ナンピンの記事 からのつづきです。
今回はマーチンゲールについて調べて、使えそうか検討してみます。
どんな手法?
もともとはカジノで考えられた手法で、”「負けたら次は倍掛け」というのを勝つまで続ける”というものです。
単純にFXへ適用すると”「負けたら次の取引量を倍にする」というのを勝つまで続ける”ということになると思いますが、厳密には”「負けたら、次の取引でその損失額を取り戻せるように取引量を加算する」というのを勝つまで続ける”というのが正しいと思います。

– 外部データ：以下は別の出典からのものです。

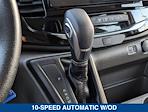 2024 Ford Transit 350 Low Roof RWD Passenger Van for sale #RKA68682 - photo 28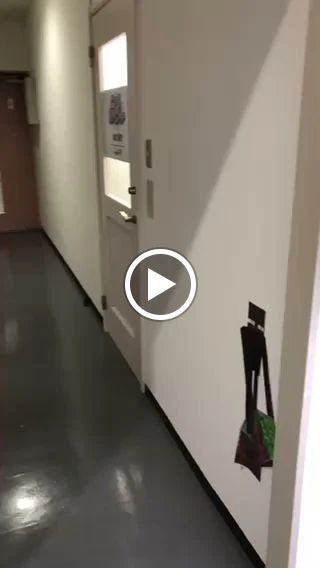 コードアドベンチャー 泉校のサムネイル画像 3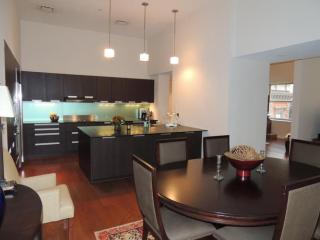 1401 Walnut St, Philadelphia PA  19102-3104 exterior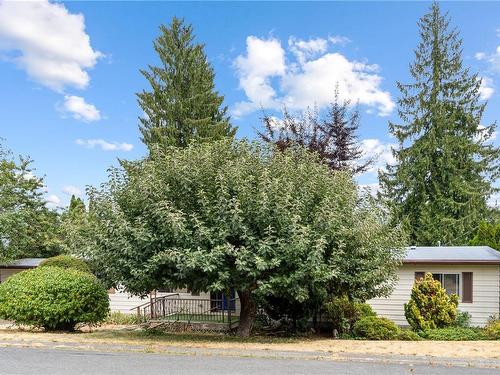 1354 Birchwood Rd, Ladysmith, BC 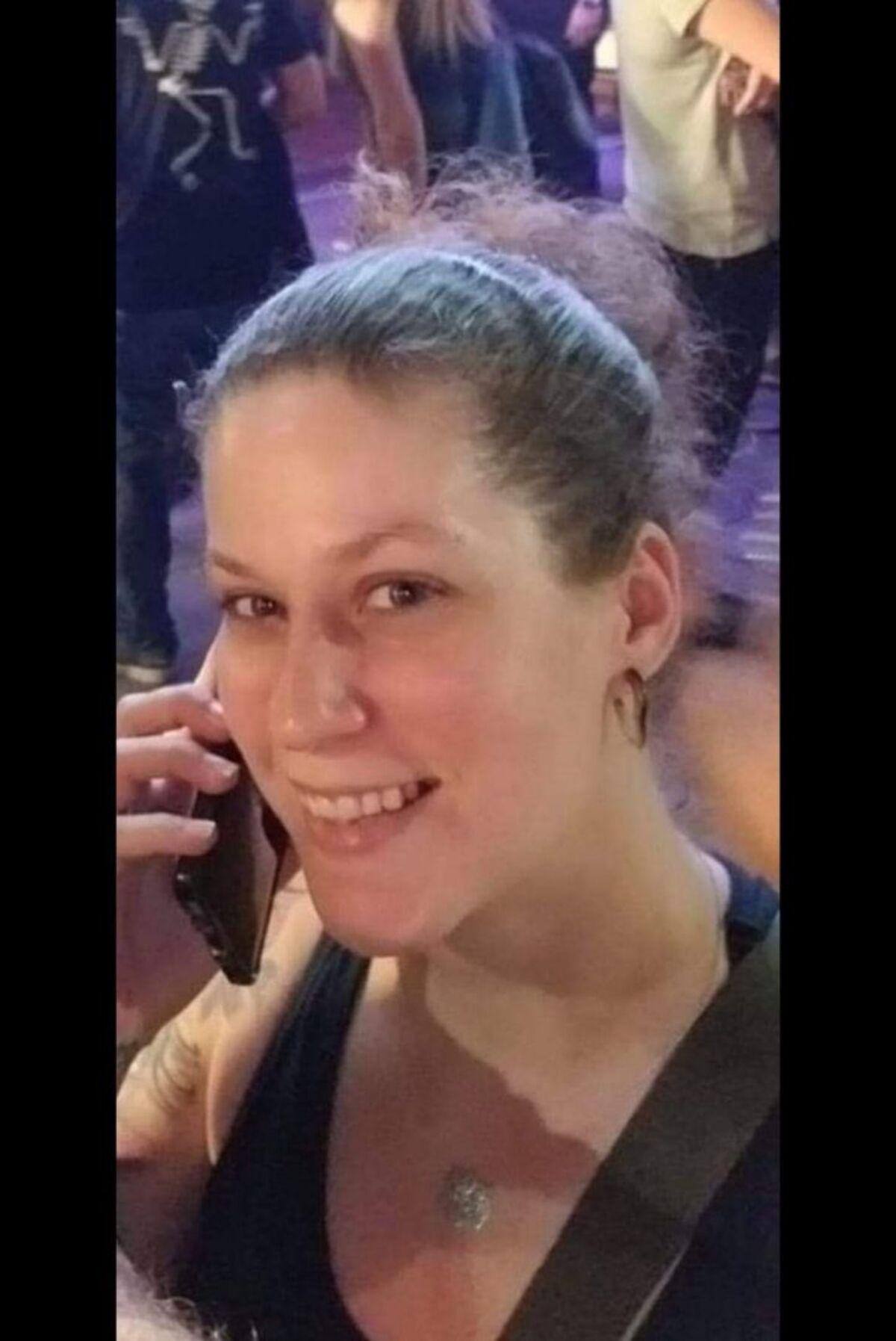 Une femme de la Montérégie portée disparue | JDM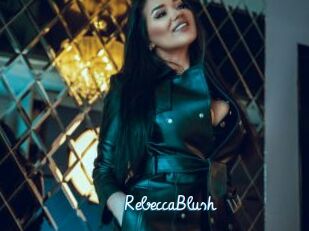 RebeccaBlush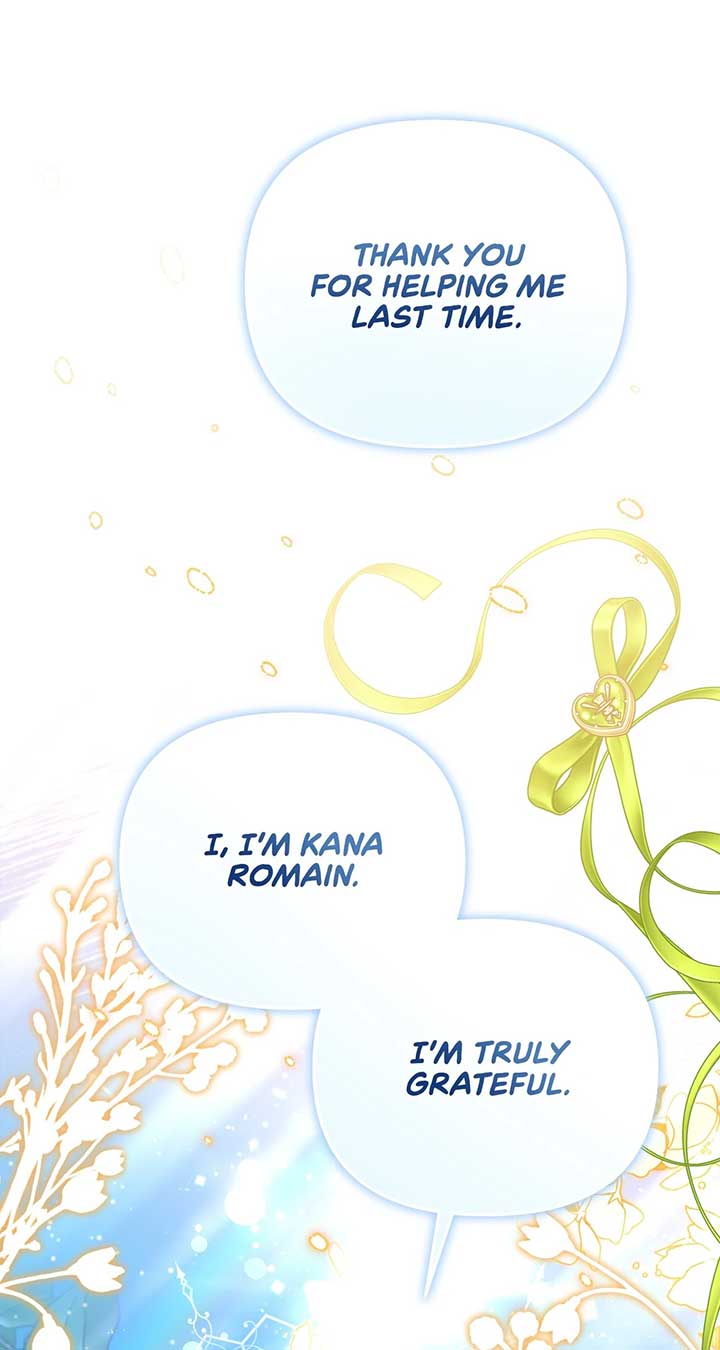 Let Me Enjoy the Extra Life Chapter 18 424 ch 18 66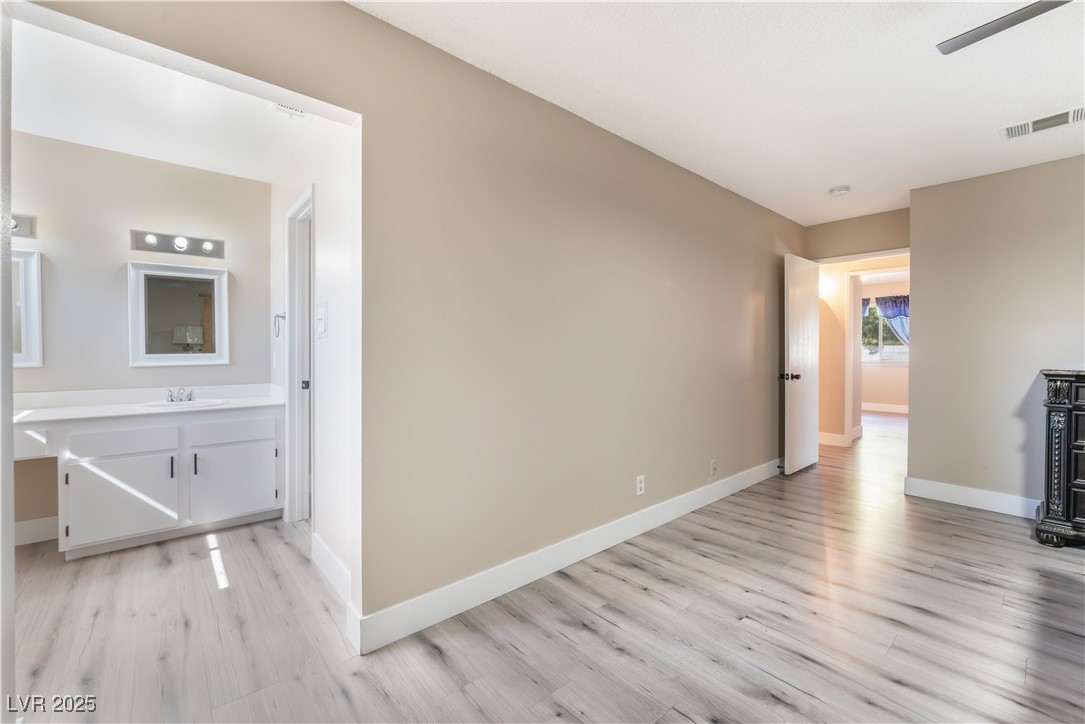 7817 Aplin Avenue Property Photo 19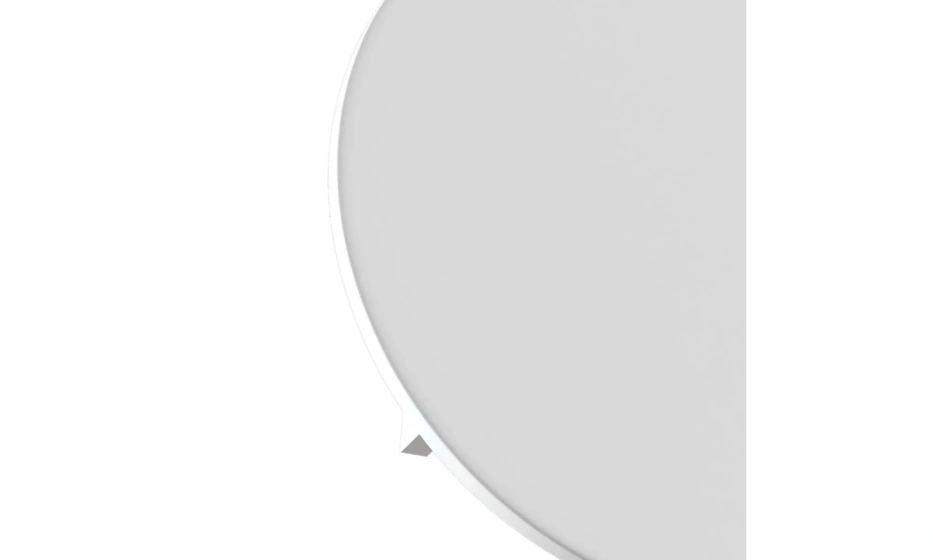 Бра Technical C123-Wl-02-3W-W - фото 3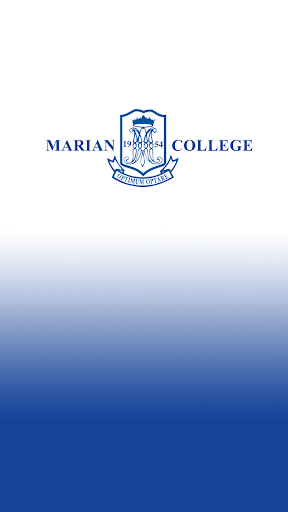 Marian College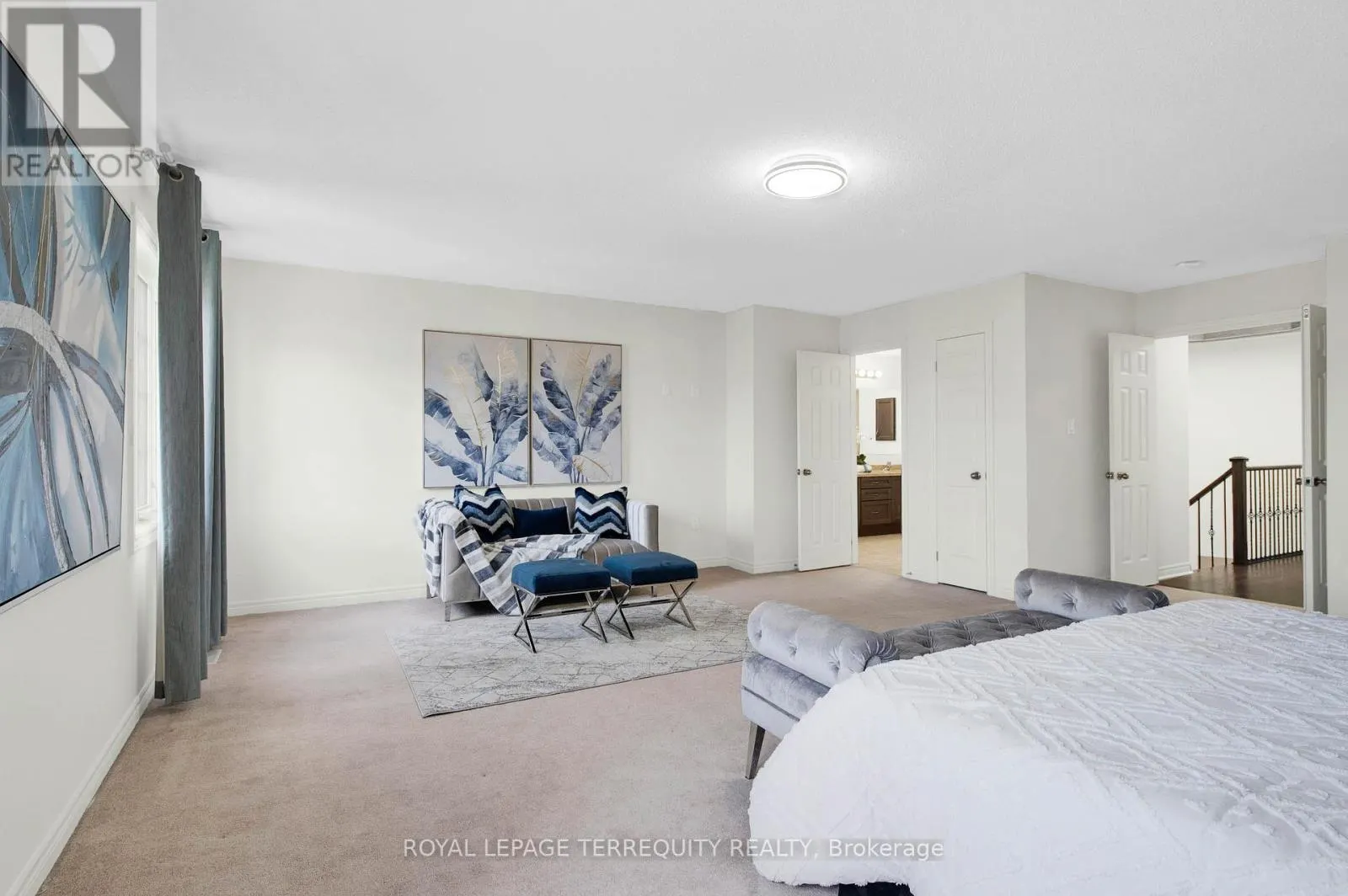 36 CRELLIN STREET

たとえば USDJPY を 150円で 1ロット買ったあとにレートが 149円に下がってストップロスにかかったため 1万円の損失になったとします。
その次の取引で USDJPY を 149円(利確 147円)で売りたいとします。
この場合、利確したときに前の取引の損失額の 1万円を取り戻せるように、取引量を+0.5ロットします。
メリット
固定ロットで取引するよりも速く資金を増やすことができます。
なぜなら 1回勝てばそれまでの損失を帳消しにできるからです。
固定ロットの場合、ドローダウンが大きいほど回復するまでに必要な取引回数も多くなる可能性が高いです。
デメリット
固定ロットで取引するよりも破産しやすくなります。
というのも、負け続けるほど取引量が増えるので、それにあわせて1回の取引での損失額も増えていきます。
そのため、固定ロットの場合より連敗数が少なくても資金が尽きる可能性が高くなります。
第1印象
これも一種の資金管理方法といえる…のかな?
破産確率を下げることより資金を速く増やすことを重視した資金管理方法?
とにかく、この手法もナンピンと同じでエントリーのタイミングは別の手法で見極める必要があります。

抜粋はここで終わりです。